■ **What needs to be done**:
An unchanged copy of all the lines below is expected, and it should contain no pictures.

:::

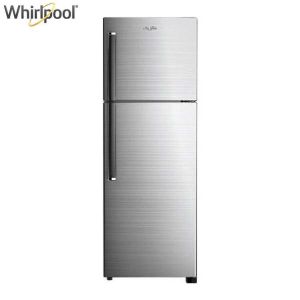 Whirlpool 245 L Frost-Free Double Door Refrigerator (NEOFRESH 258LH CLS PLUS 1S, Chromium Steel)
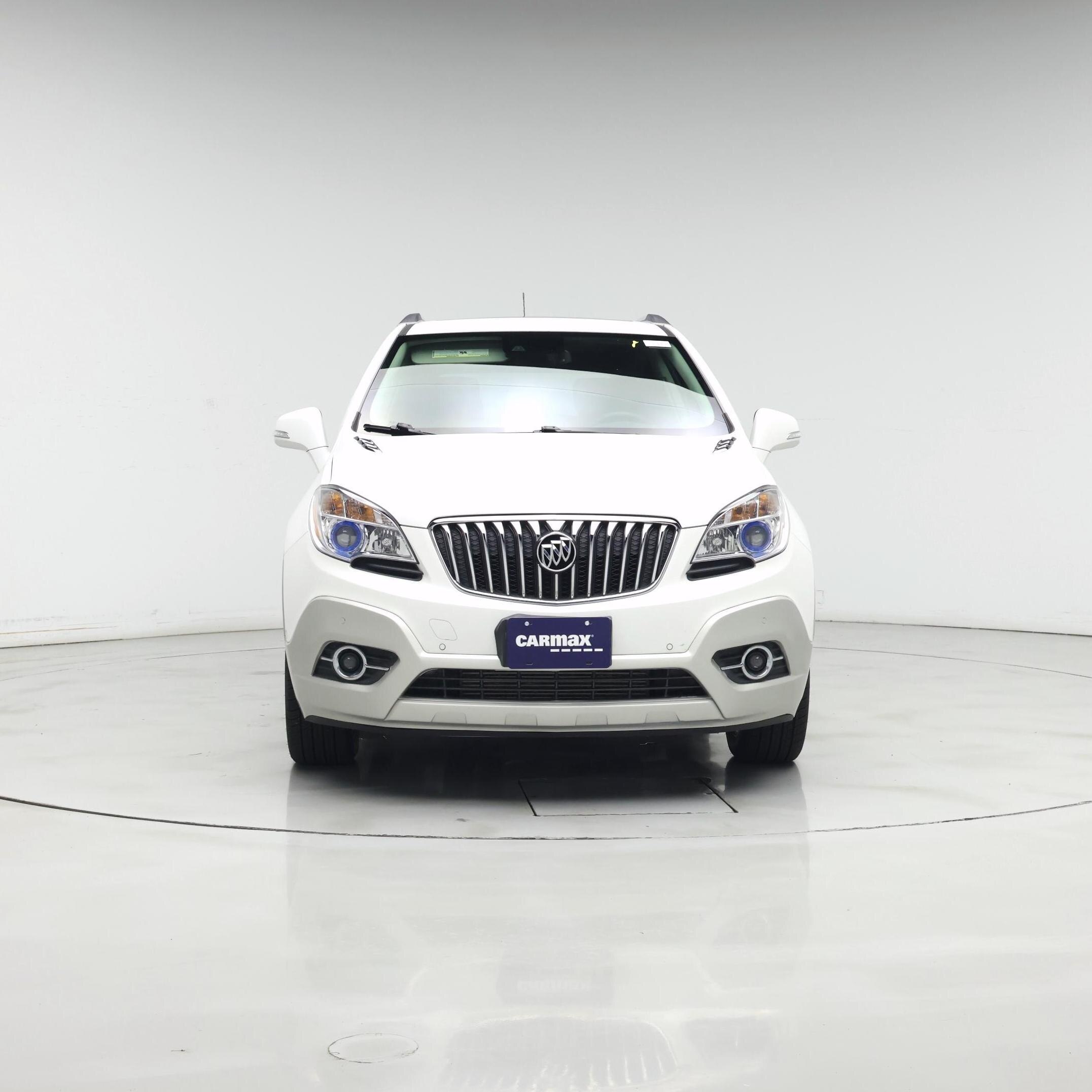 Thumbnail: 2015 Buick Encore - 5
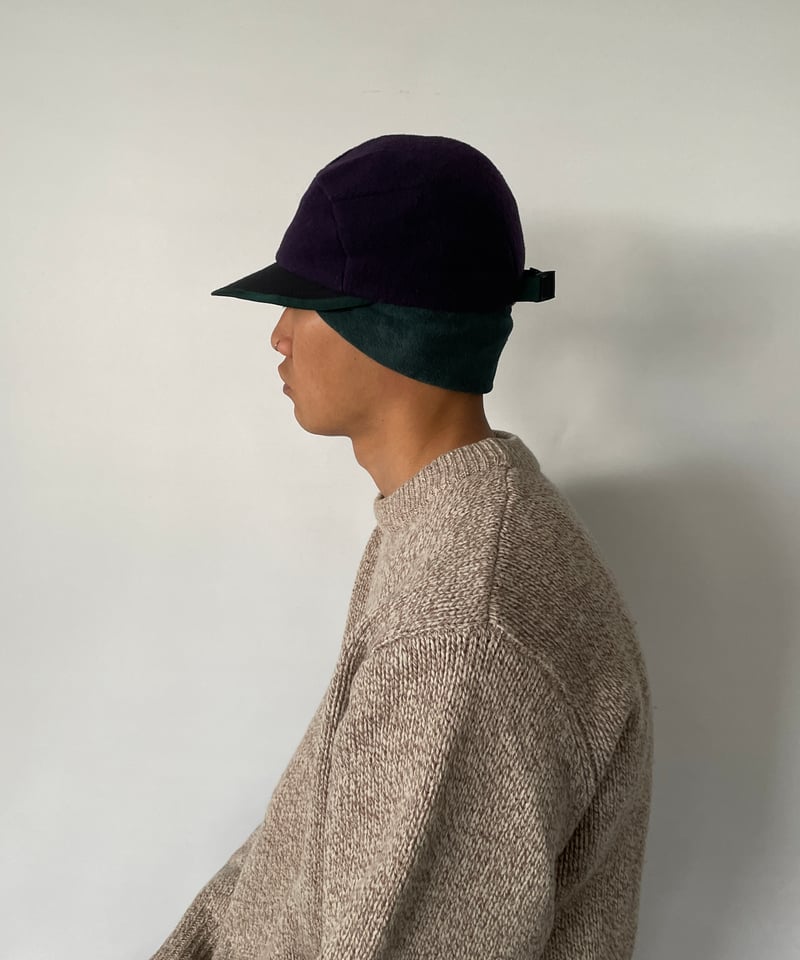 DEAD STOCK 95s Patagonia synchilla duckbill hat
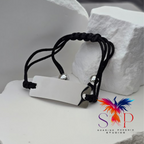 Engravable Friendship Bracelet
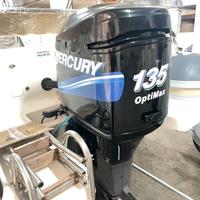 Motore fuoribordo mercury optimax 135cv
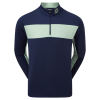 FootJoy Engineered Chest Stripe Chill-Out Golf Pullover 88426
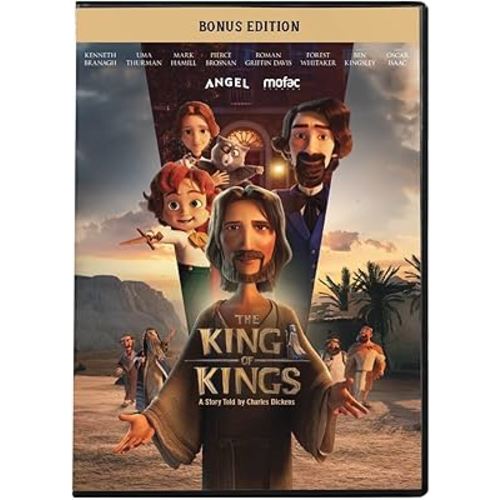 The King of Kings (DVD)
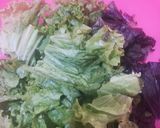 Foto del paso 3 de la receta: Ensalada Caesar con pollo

:::

■ **Your response**:
 Whirlpool 245 L Frost-Free Double Door Refrigerator (NEOFRESH 258LH CLS PLUS 1S, Chromium Steel)
 Thumbnail: 2015 Buick Encore - 5
 DEAD STOCK 95s Patagonia synchilla duckbill hat
 Engravable Friendship Bracelet
 Motore fuoribordo mercury optimax 135cv
 FootJoy Engineered Chest Stripe Chill-Out Golf Pullover 88426
 The King of Kings (DVD)
 Foto del paso 3 de la receta: Ensalada Caesar con pollo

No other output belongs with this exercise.